→ **Image-text web data**:
[Start of Attachment]
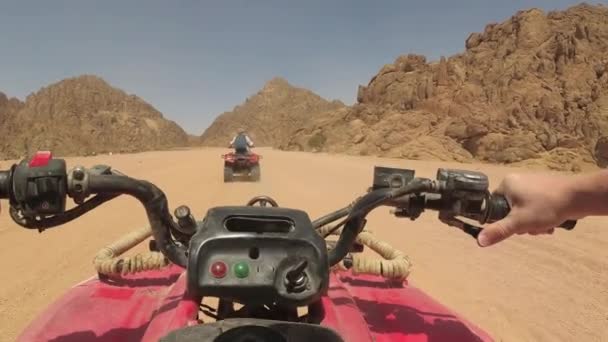 Quad kerékpár lovagol a sivatagban — Stock videók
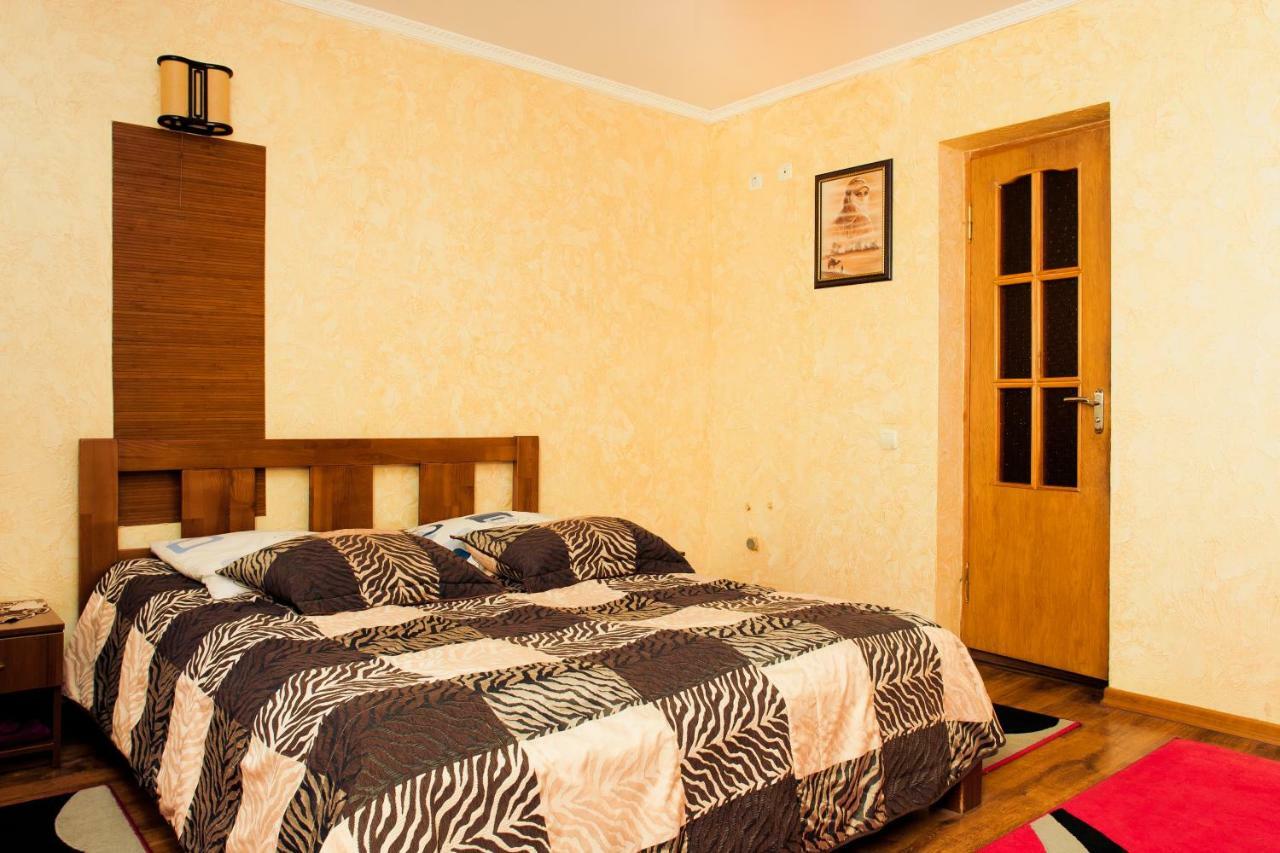 Filvarok Hotel Brody Dış mekan fotoğraf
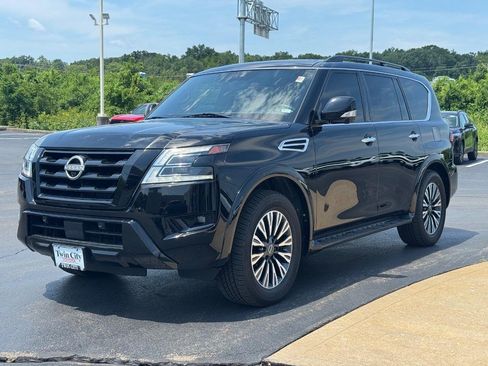 Used 2023 Nissan Armada SL w/ Midnight Edition Package AWD/4WD image 9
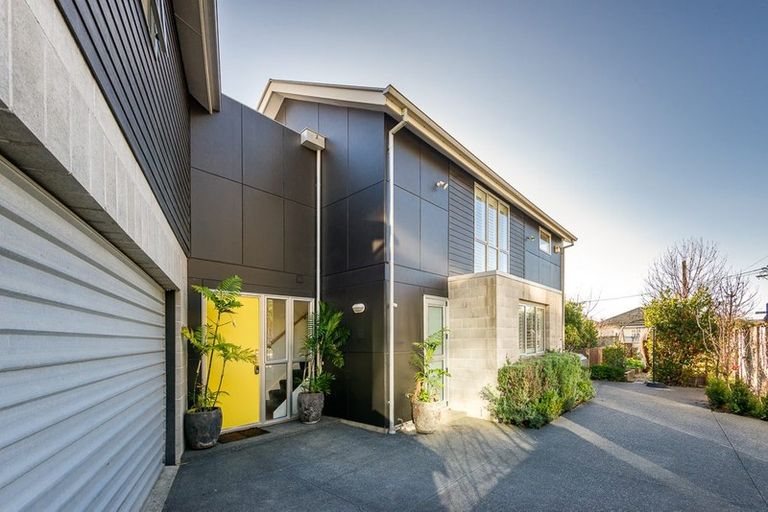Photo of property in 90 Wiggins Street, Sumner, Christchurch, 8081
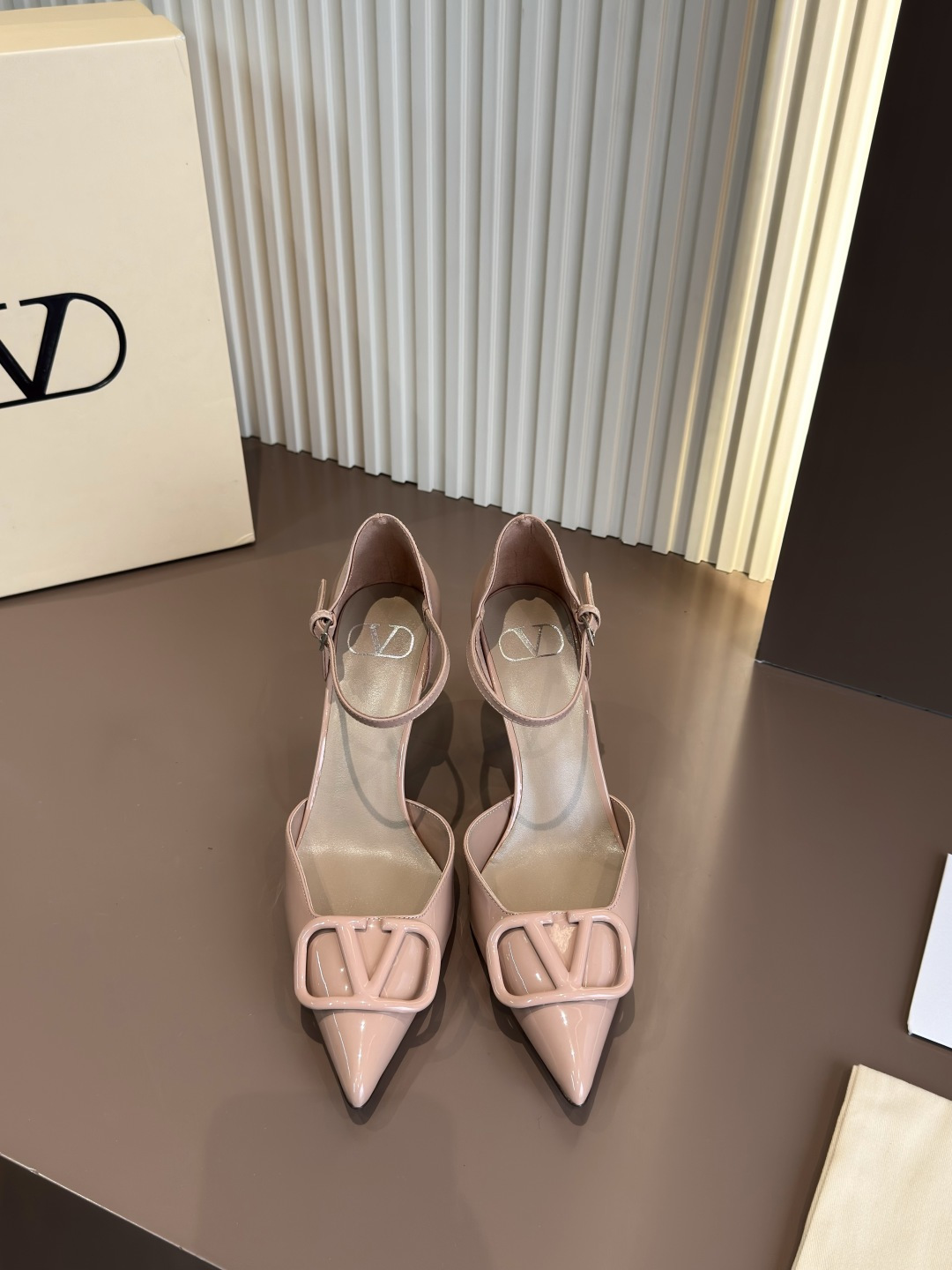 Valentino Pointed Toe Patent Leather High Heels V-buckle Closed Toe Slingback Ankle Strap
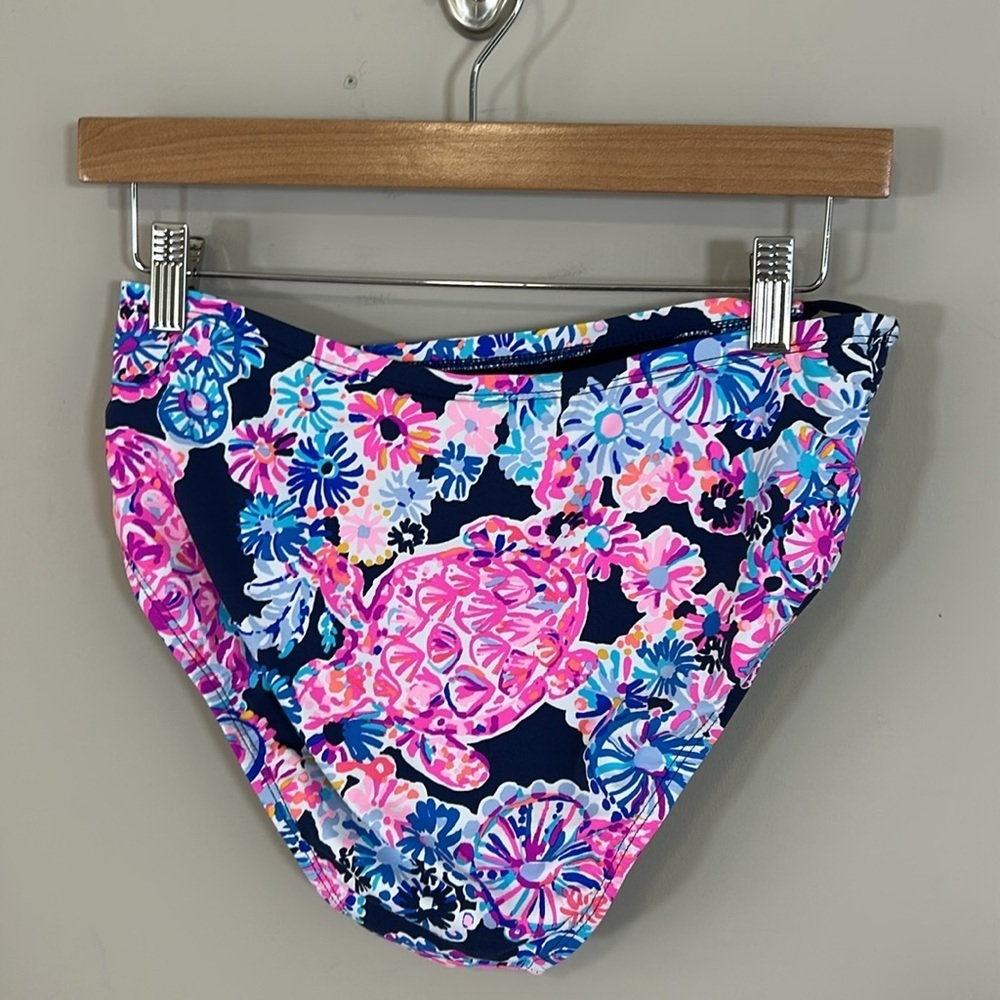 Lilly Pulitzer Bikini Set Niall Top Sz 2 Ruby Bottom Sz 6 Turtle Amazement Navy - Picture 10 of 14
[End of Attachment]
→ **WHAT THE EXERCISE ASKS**: From the line containing "Used 2023 Nissan" through the final line of the records, write out each line exactly, and include no pictures.

→ **RESPONSE TO THE EXERCISE**:
 Used 2023 Nissan Armada SL w/ Midnight Edition Package AWD/4WD image 9
Photo of property in 90 Wiggins Street, Sumner, Christchurch, 8081
 Valentino Pointed Toe Patent Leather High Heels V-buckle Closed Toe Slingback Ankle Strap
 Lilly Pulitzer Bikini Set Niall Top Sz 2 Ruby Bottom Sz 6 Turtle Amazement Navy - Picture 10 of 14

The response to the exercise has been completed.